I am writing my first Kedro pipeline tests and I am a little confused.
I am testing a pipeline with two nodes, however the first node outputs a spark object which needs to have copy mode assign as a memory dataset. How can I specify that in python rather than yaml?
catalog = DataCatalog( )
caplog.set_level(logging.DEBUG, logger="kedro")
successful_run_msg = "Pipeline execution completed successfully."
SequentialRunner().run(pipeline, catalog)
assert successful_run_msg in caplog.text
do I do that using add_feed_dict? how?
So you can use Kedro this way, but it's not actually the way we recommend unless you have a specific reason to do so.
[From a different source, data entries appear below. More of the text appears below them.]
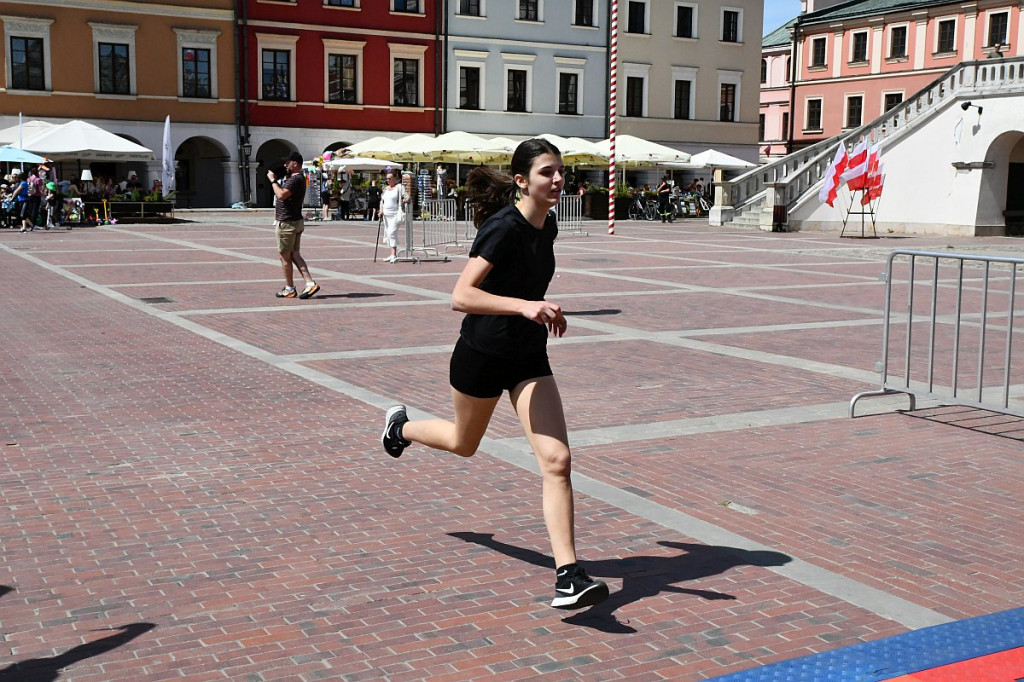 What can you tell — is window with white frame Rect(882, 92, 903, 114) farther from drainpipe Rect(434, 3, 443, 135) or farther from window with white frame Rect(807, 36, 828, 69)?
drainpipe Rect(434, 3, 443, 135)

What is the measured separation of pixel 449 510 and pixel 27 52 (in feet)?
133

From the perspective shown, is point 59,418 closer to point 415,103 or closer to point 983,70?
point 983,70

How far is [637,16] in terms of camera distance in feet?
168

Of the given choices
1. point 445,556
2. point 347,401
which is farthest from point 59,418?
point 445,556

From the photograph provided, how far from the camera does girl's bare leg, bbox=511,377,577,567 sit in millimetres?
4406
I would really recommend that you follow the Spaceflights tutorial since it covers the key concepts and abstracts some of this complexity
we also have a full training course on YouTube :youtube:
https://www.youtube.com/playlist?list=PL-JJgymPjK5LddZXbIzp9LWurkLGgB-nY
This is the recommended way in the Kedro documentation to write pipeline tests: https://docs.kedro.org/en/stable/tutorial/test_a_project.html
I've been desperate to get a kedro-test
micro-framework off the ground but it's been hard to prioritise
If we end up using Kedro we might be interested in doing some OSS contributions with it so could maybe help
Maybe this one helps? https://github.com/kedro-org/kedro/blob/main/tests/pipeline/test_pipeline_integration.py
hmmmm mine is similar but I'm having the issue that I don't know how to specify that the output of 1 pipeline should use copy_mode "assign"
I guess something like:
dataset = MemoryDataset({"data": 42}, copy_mode="assign") DataCatalog().add_feed_dict({"dataset":dataset})
Yes indeed, it's:
catalog = DataCatalog(
datasets={
"data_utility": MemoryDataset(copy_mode="assign"),
"extract_model_features": MemoryDataset(copy_mode="assign"),
},
)